Thorn

thornThe Goose Girl is a character from Grimm, of course, and she’s unfortunate (also of course.) She’s a princess riding her talking horse on her way to meet her prince when her maid forces her to switch places and threatens to kill her if she ever tells the truth. The maid has the horse killed for fear it will talk, the princess is banished to the status of goose-girl, and you’d think that would be the end of the story — but magic winds and natural justice intervene, and in fact the goose-girl winds up with her royal prince after all, and the wicked maid with her punishment.

Thorn, by Intisar Khanani, is broadly a retelling of this fairy tale. There’s the switch between Princess Alyrra and her vicious maid Valka, the beloved talking horse Falada, the dire threat, the magic wind, and the intense focus on justice. But the fairy tale is a skeleton for a broader, richer, more interesting book, one that explores the power differential between rich and poor; one that asks how a goose-girl can love a prince (and vice versa) if there will always be obligation between them; one that demands equal justice for kings and hostlers, men and women — and horses.

I enjoyed this book, largely because of the way Khanani works out some of the knotty problems of power. Princess Alyrra’s fellow workers in the stables don’t have access to the same justice that serves the king and nobles, so they seek it elsewhere, among the rough thieves in the city. When Prince Kestrin talks to Alyrra, knowing and not-knowing who she is, she points out to him that his whims convey obligation — one she refuses out of a desire to keep her newfound independence. There’s an antagonist that doesn’t exist in the original fairy tale, a sorceress with complicated motives, which means that Kestrin is both implicated and vindicated. Only his personal actions can prove his worth.

This isn’t a perfect book. There are several plot points that are messy (the use of magic being one of them) and some that are left as loose ends (Alyrra’s relationship with Red Hawk, for instance.) The larger politics — something that doesn’t interest everyone, I know — wasn’t ever very clearly sketched. But Khanani adds some lovely touches to the book: worship in the temple; moments of safety with friends; the choker of fear that comes with the memory of betrayal; the slow development of friendship with someone you never thought you’d trust. The book is worth reading for these alone, and for other things, too.

This entry was posted in Children's / YA Lit, Fiction, Speculative Fiction. Bookmark the permalink.

11 Responses to Thorn

  1. jenclair says:

    I read this a couple of years ago and really enjoyed it. I also read and enjoyed Sunbolt, which I liked even better–except that it was a novella and a cliffhanger! I don’t usually like novellas, but I got so wrapped up in the characters that I could forgive the book being too short.

  2. Sold! I love a Goose Girl retelling, and that cover is too gorgeous to resist. I’m also really enjoying books that interrogate power relationships right now. So this sounds like a winner all round. :)

    • Jenny says:

      It’s pretty good! It’s an obvious debut, but it’s a very nice foreshadowing of other things to come from this author. I liked it quite a bit.

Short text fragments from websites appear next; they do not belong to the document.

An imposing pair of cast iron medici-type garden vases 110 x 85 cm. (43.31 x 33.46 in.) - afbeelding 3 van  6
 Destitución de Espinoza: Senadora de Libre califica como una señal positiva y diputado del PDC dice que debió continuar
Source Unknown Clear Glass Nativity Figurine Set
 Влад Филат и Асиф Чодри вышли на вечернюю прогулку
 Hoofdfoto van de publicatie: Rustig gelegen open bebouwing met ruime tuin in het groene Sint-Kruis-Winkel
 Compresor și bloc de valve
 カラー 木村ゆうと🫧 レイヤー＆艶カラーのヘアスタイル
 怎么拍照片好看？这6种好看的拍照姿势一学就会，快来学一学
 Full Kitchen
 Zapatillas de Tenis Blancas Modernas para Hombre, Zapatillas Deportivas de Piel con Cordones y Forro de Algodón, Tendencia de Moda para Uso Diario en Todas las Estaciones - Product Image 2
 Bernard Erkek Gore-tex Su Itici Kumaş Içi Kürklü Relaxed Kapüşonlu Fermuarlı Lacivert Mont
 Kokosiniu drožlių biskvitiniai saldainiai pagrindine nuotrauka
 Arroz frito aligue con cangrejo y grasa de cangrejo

  3. Did you know her new book, a sequel to Sunbolt, is out this May? I’m really looking forward to it! So glad you enjoyed this one!

    • Jenny says:

      I did not know that! I haven’t read Sunbolt, so I’ll have to get hold of that before I read any sequels, though.

  4. P.S. As far as I know all her books are self-pubbed.

    • Jenny says:

      Thanks for that clarification. I really wonder if she might get a wider audience if she found a publisher, don’t you?

  5. I liked Sunbolt a lot, so I really want to read Thorn. My mother and sister read both of Khanani’s books within the past few months and are now huge proponents of her work. I agree with you that there are elements in her books that are still a little rough, but it seems like stuff she’ll grow out of as she writes more and more. I’ll be following her future books with much interest!

    Also, the Goose Girl story is not retold enough. I love that story. It’s so weird.

    • Jenny says:

      It is! So weird! So many fairy tales are weird, even the more modern Hans Christian Andersen-style ones. I love that about them.